John Armitt will chair NIC until July as it moves towards merger with IPA

The government’s top infrastructure advisor has hit out at the governance of HS2 and warned against giving ministers more power over the project.

The high speed rail project has been repeatedly cut back as it has faced huge delays and cost overruns, with ministers recently moving to take more oversight of the scheme in house.

armitt

John Armitt speaking at the Building the Future Conference last year

But according to John Armitt, chair of the National Infrastructure Commission (NIC), the heavy involvement of political figures in the project’s governance has been a major contributor to its failures.

“I have to confess, I’ve never been convinced by the governance structure of HS2,” Armitt told the House of Commons transport committee earlier this week.

“Maybe I’m influenced too much by my own experience, but having been chair of the Olympic Delivery Authority, where we were a separate standalone body with our own ability to to hire and fire, with our own ability to get on and be given significant delegated powers, I think the retention of HS2 Ltd within the Department of Transport can lead to too much oversight, quite frankly.” 

Armitt’s appointment as chair of the NIC, which provides expert, independent advice to the government, has been extended for six months to July in order to facilitate the merger of the organisation with the Infrastructure and Projects Authority.

The pair of agencies will be replaced by the National Infrastructure and Service Transformation Authority, which was a Labour Party manifesto commitment.
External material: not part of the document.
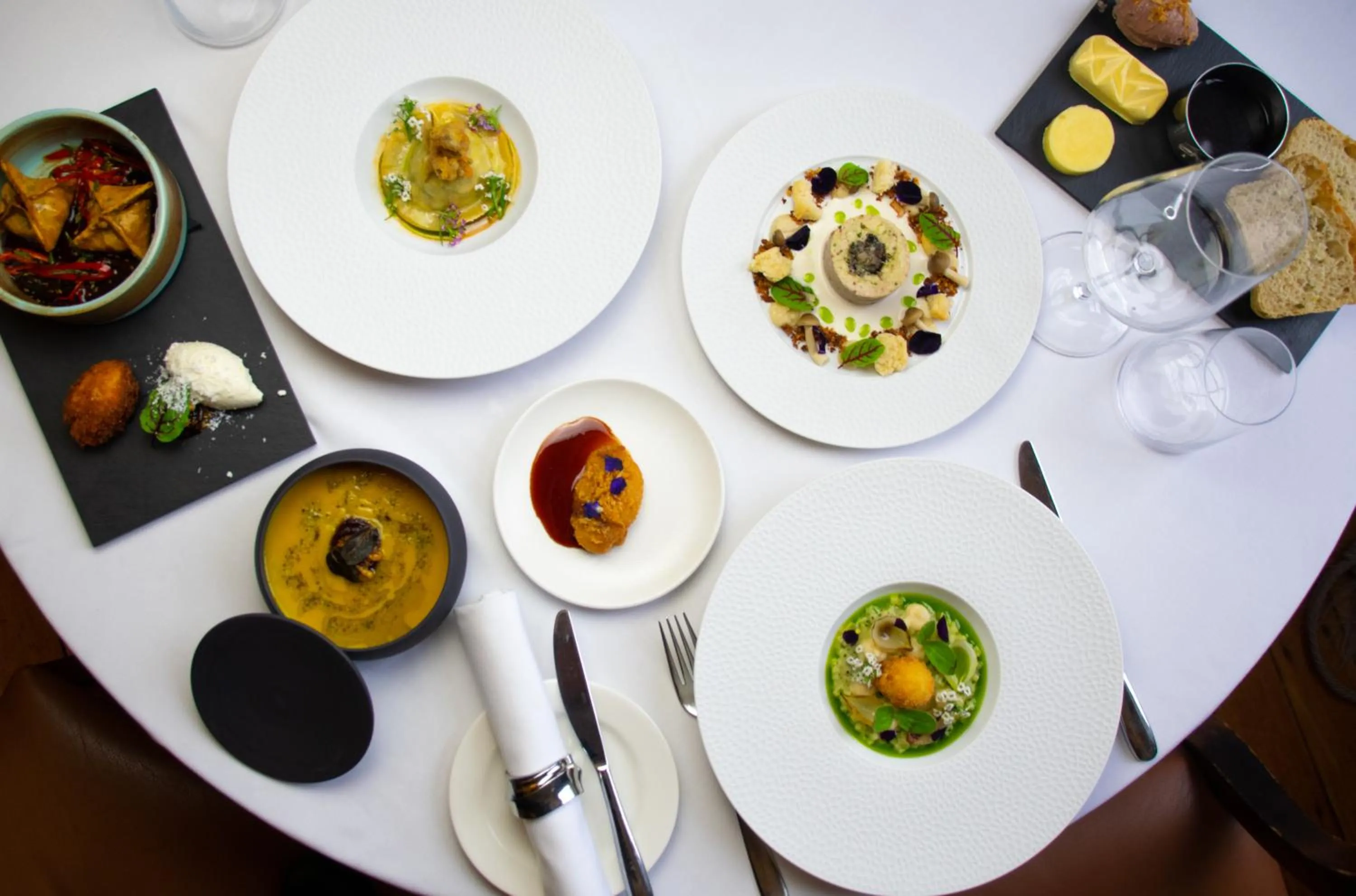 Food in Nunsmere Hall Hotel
Warning against further political control of schemes, Armitt noted that “transport is an intensely political area” and said he understood it being “very difficult for ministers to stand back”
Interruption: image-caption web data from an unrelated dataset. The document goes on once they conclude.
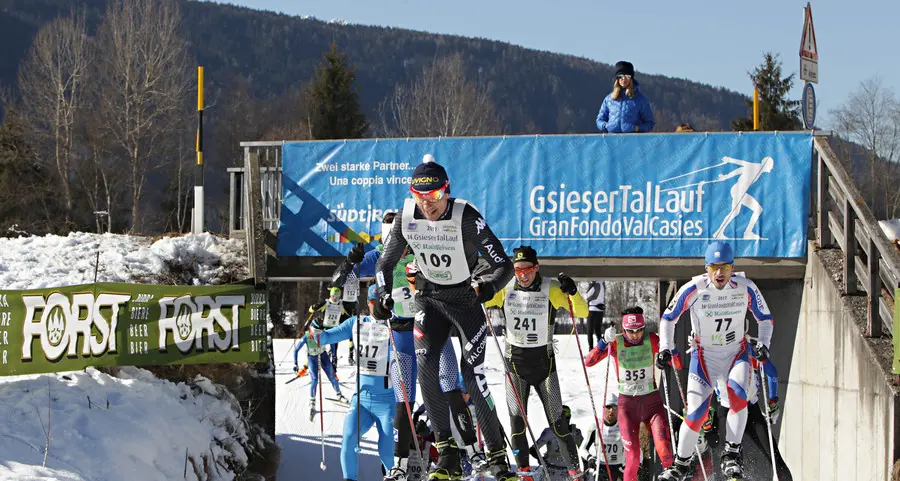 Le piste aprono a giorni e in Val Casies si lavora per la Gran Fondo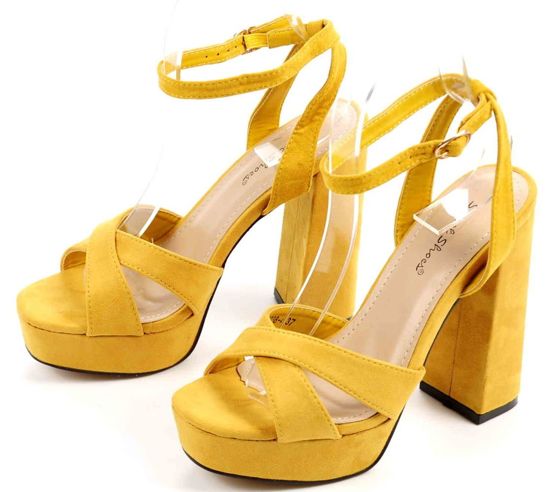 Zamszowe sandały na słupku Żółte /D1-2 Ae549 S131/ 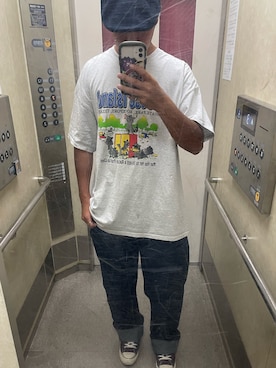 「古着のアイテム（デニムパンツ、ブルー系）」を使った、takuさん（メンズ・174cm）の秋コーディネート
“They’re the ones who, at the end of the day, have to stand up here and defend what’s happening,” he said.

> Also read: HS2 submits revised designs for Grimshaw’s Curzon Street station

“On the other hand, that is bound to lead to delays, it’s bound to lead, I fear at times, too much desire to actually meet every concern and objection and requirement for extra facilities within a scheme. 
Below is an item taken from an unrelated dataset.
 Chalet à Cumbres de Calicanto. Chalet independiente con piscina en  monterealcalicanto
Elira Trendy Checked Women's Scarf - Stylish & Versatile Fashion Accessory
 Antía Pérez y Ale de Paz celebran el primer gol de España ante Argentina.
“I think it’s 12,000 local agreements which HS2 had to make after the hybrid bill. 

He said there was a risk that “in order to just make progress, you just say okay,” and that “every time you say okay, then unfortunately, that’s potentially more delay, but certainly extra cost.”

He continued: “I think there is a natural inevitability that when government, by that, I mean the whole machinery of government is doing something there is a desire to actually please people, rather than a rather more private sector approach, which says, ‘Sorry, I have not got any more money, That is all we can afford’.”

“Government is not very good at saying that.”

Addressing lessons learnt, he noted the impact of the decision to determine a route internally, which he contrasted with the approach taken on HS2, where a number of routes were proposed which were the subject of public debate.

“If you do that internally and then produce a route which is dropped out onto the public, it’s not surprising if you then get rather a strong kick and push back,” he said.